L'idea di spostare al presente la classica ambientazione fantasy, con elfi, nani, orchi, fate, draghi e tutto il campionario tolkieniano, non è nuova. Ma è sempre affascinante e giustamente viene rivisitata, anche perché permette di creare uno specchio deformato della realtà in cui viviamo per esaminarla più a fondo con l'arma dell'iperbole.
Nel caso di Bright, action/fantasy diretto da David Ayer per Netflix, il tema centrale è chiaramente il razzismo, la natura tribale che gli esseri umani non sono riusciti a scrollarsi di dosso anche dopo aver inventato la società. Ayer sceglie saggiamente un attore nero come protagonista (Will Smith, sempre a suo agio come uomo d'azione), per veicolare un messaggio che è la cosa migliore del film: l'Uomo cercherà sempre un nemico, qualcosa o qualcuno su cui sfogare la propria negatività. Nel caso del presente alternativo di Bright, siccome gli umani non sono l'unica specie dominante del pianeta, tra loro hanno fatto quadrato. Non pare esserci né razzismo né sessismo tra i poliziotti umani del film, ma appena metti un orco nell'equazione, apriti cielo. “Gli orchi sono malvagi per natura”, “Danno più valore al clan che al distintivo” e via così. Il razzismo è diretto all'esterno, ma sempre razzismo è (ok, è specismo, ma non stiamo a sottilizzare).

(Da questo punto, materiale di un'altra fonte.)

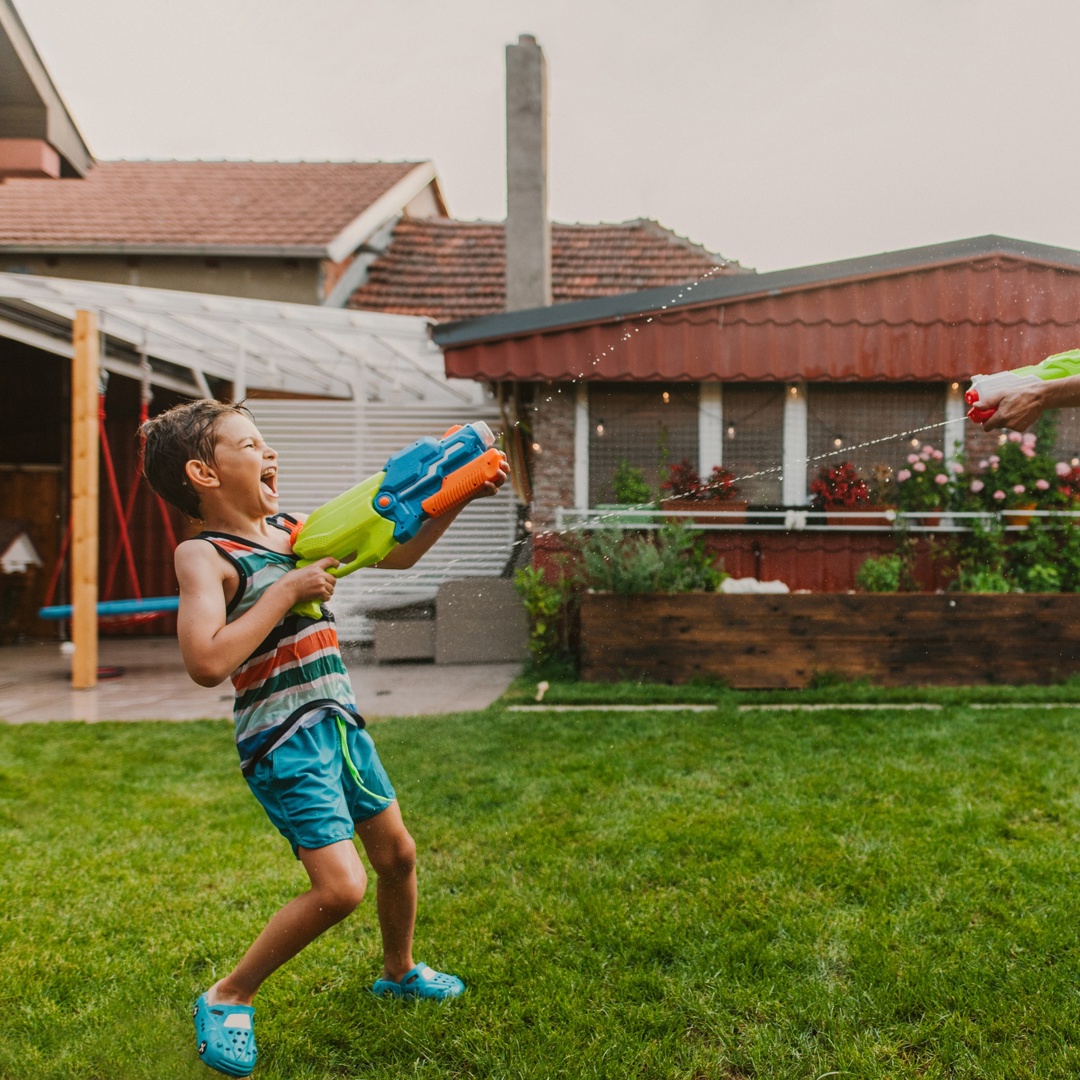 Kind en vader spelen met waterpistool speelgoedgeweer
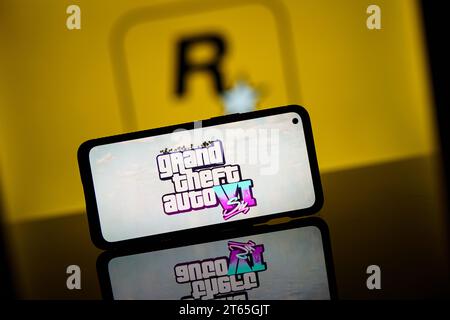 In this photo illustration a Rockstar Games logo seen displayed on a  smartphone with video games cover in the background. (Photo by Thiago  Prudencio / SOPA Images/Sipa USA Stock Photo - Alamy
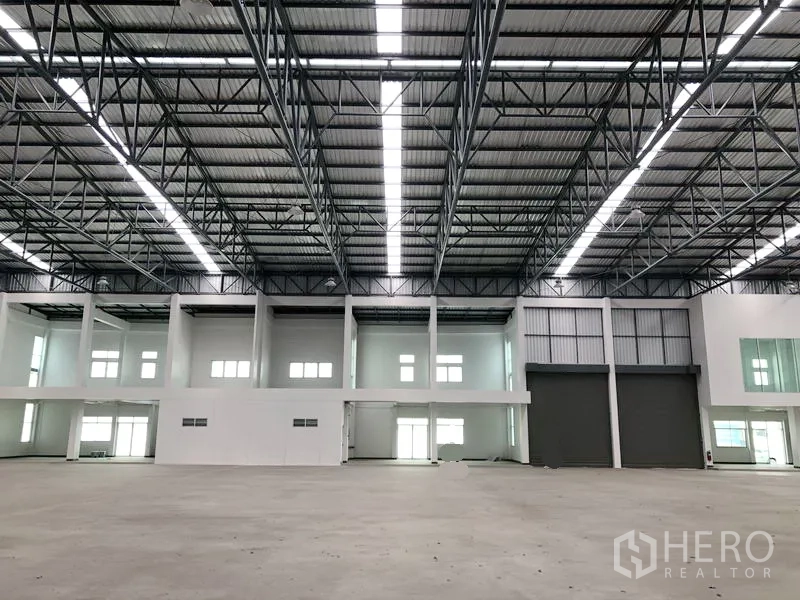 Factory for rent in Phra Nakhon Si Ayutthaya - Spacious warehouse interior with 9‑meter steel roof, skylights and large roller doors.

Con una semplice metafora, Ayer e lo sceneggiatore Max Landis (Chronicle) rendono alla perfezione il concetto. Questa semplicità è al tempo stesso la migliore qualità e il peggior difetto di Bright. Perché da un lato serve a costruire un film abbastanza snello, in cui una mitologia complicata (duemila anni fa c'è stata una guerra stile Signore degli Anelli con cui le razze hanno debellato il Signore Oscuro, gli orchi erano dalla parte sbagliata e per questo sono tutt'ora odiati) viene sintetizzata e messa da parte per focalizzarsi sulla trama poliziesca (con MacGuffin magico, ovviamente). Dall'altro, però, tolti gli elementi fantastici Bright è anche troppo aderente alla formula del buddy movie poliziesco. Al posto del bianco e del nero ci sono il nero e l'orco (Joel Edgerton). Al posto degli agenti FBI rivali ci sono i federali della magia (un elfo e un umano). Al posto dei terroristi, degli elfi rinnegati con un piano malvagio. Ma la sostanza non cambia. E fa sorridere, fino a un certo punto, vedere questi cliché applicati a un mondo alternativo, ma dopo un po' l'effetto novità svanisce e restano solo i cliché.

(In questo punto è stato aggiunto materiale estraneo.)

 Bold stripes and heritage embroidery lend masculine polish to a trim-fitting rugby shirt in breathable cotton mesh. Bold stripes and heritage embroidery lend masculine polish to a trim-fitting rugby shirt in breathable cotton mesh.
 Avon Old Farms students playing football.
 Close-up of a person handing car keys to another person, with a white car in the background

Ciò detto, Bright è comunque piacevole, soprattutto grazie all'apporto di Ayer. A differenza di Suicide Squad, dove era un pesce fuor d'acqua, qui riesce a far uscire la sua cifra autoriale. Bright è in tutto e per tutto un film di David Ayer (pur non essendo scritto da lui) e ha molto in comune con Training Day, End of Watch e Sabotage. È ambientato tutto in una notte, i protagonisti sono due poliziotti onesti braccati da gang e da colleghi corrotti (che vorrebbero intascarsi una bacchetta magica anziché denaro sporco) ed è ambientato a Los Angeles. Ayer riesce così a dare il meglio anche se la materia esula un po' dalla sua “comfort zone”, applicando la sua particolare ricetta di brutale realismo a una storia popolata di mostri e creature sovrannaturali che fa il verso al classico Alien Nation.

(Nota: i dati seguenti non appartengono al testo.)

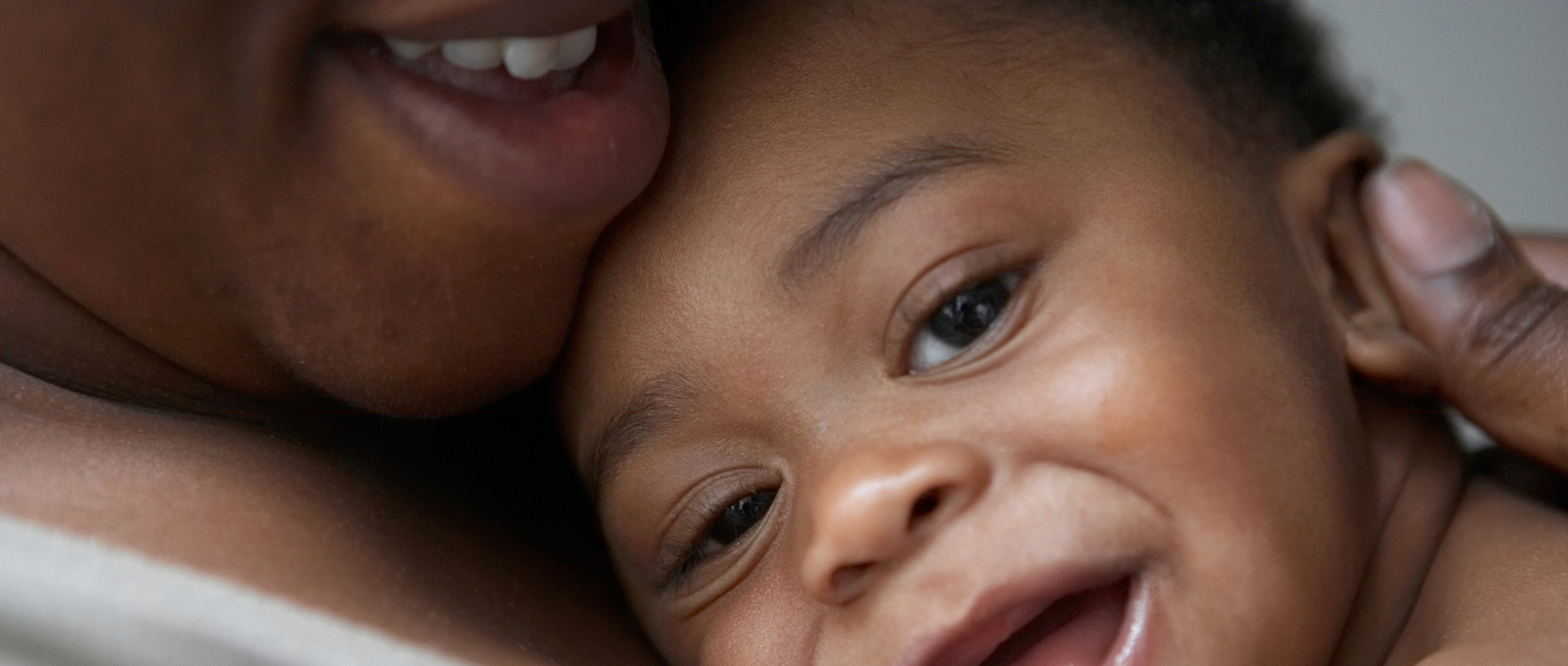 Baby experiencing secure attachment with caregiver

Entro la fine del film, l'umano e l'orco avranno imparato a fidarsi l'uno dell'altro e saranno diventati amici, come da tradizione. Il finale esplosivo evoca molto da vicino il cinema di Shane Black e chiama a gran voce un sequel, che sarebbe perfetto per esplorare più nel dettaglio un mondo potenzialmente ricco ma sfruttato troppo poco.
Bright sarà disponibile su Netflix dal 22 dicembre.